Exercise data:
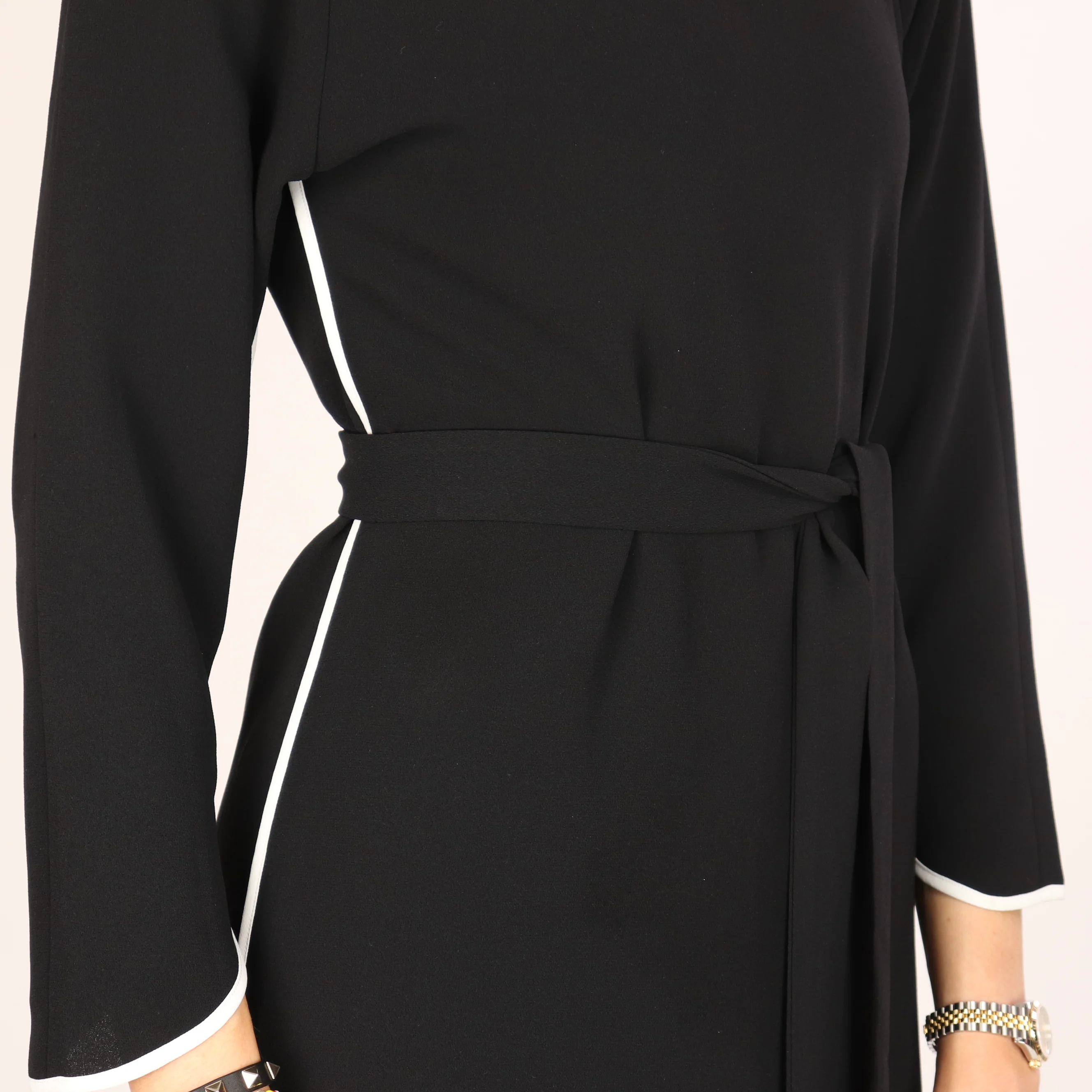 Dress, Size 6 - Image 3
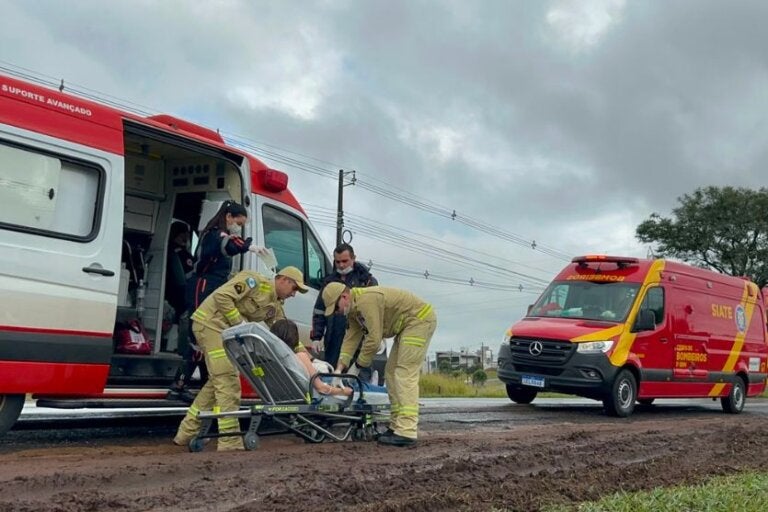 Motociclista sofre dilaceração em dedo e tem suspeita de fratura após queda em Umuarama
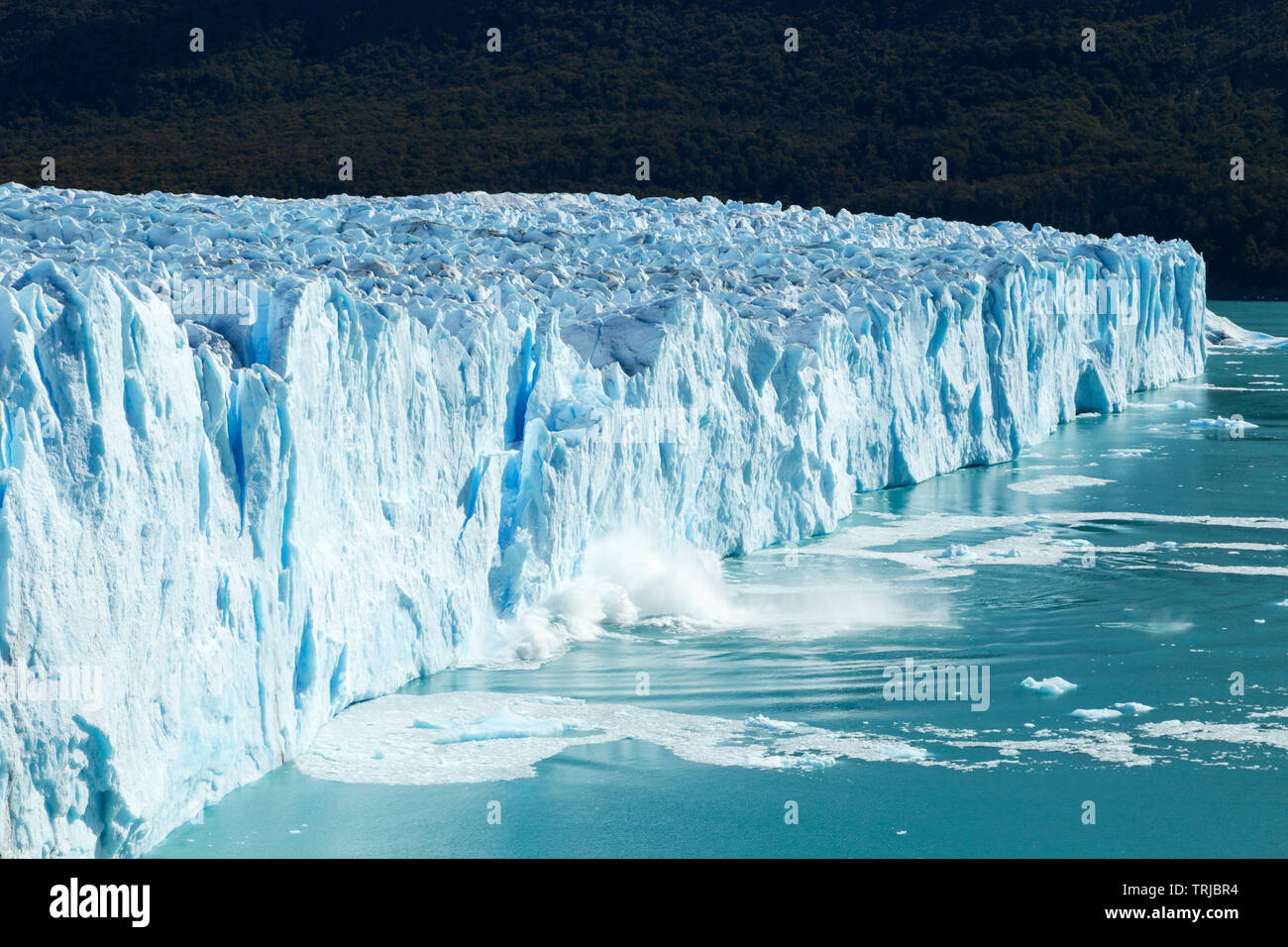 Le vêlage des glaciers, le Glacier Perito Moreno, le Parc National Los Glaciares, UNESCO World Heritage Site, Santa Cruz, en Patagonie, Argentine Banque D'Images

Requirement: Keep the pictures out of the copy and write out the data exactly as it stands.

Result of this exercise:
 Dress, Size 6 - Image 3
 Motociclista sofre dilaceração em dedo e tem suspeita de fratura após queda em Umuarama
 Le vêlage des glaciers, le Glacier Perito Moreno, le Parc National Los Glaciares, UNESCO World Heritage Site, Santa Cruz, en Patagonie, Argentine Banque D'Images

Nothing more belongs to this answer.